Repeat the records below exactly, leaving out every picture.
=== Records shown ===
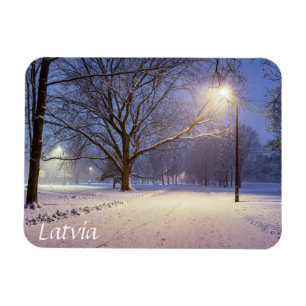 Ímã Luzes de rua e cobertas de neve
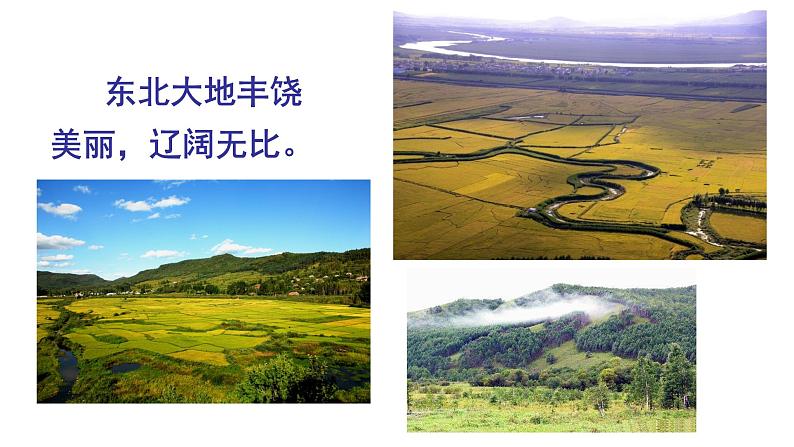 8 土地的誓言第1页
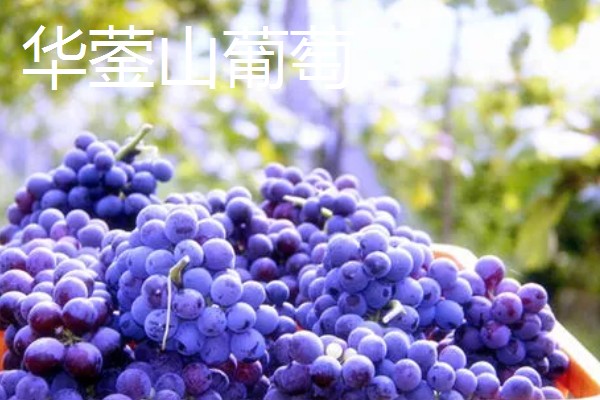 四川省彭州市有什么特产，彭州大蒜远销东南亚诸国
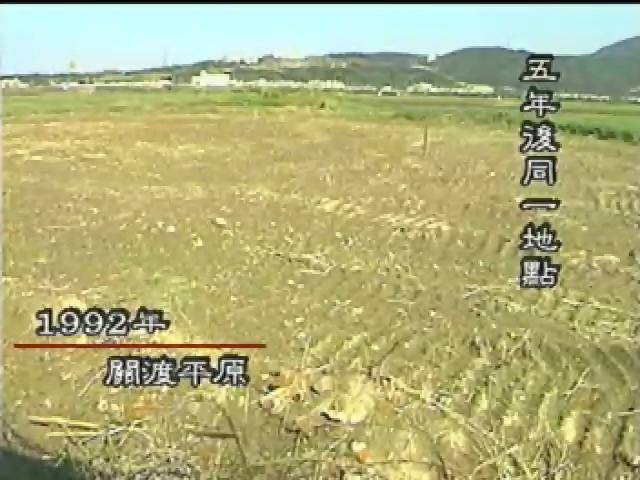 歲時台灣-4
十年台灣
===
Solution to this exercise:
 Ímã Luzes de rua e cobertas de neve
 8 土地的誓言第1页
 四川省彭州市有什么特产，彭州大蒜远销东南亚诸国
 歲時台灣-4
十年台灣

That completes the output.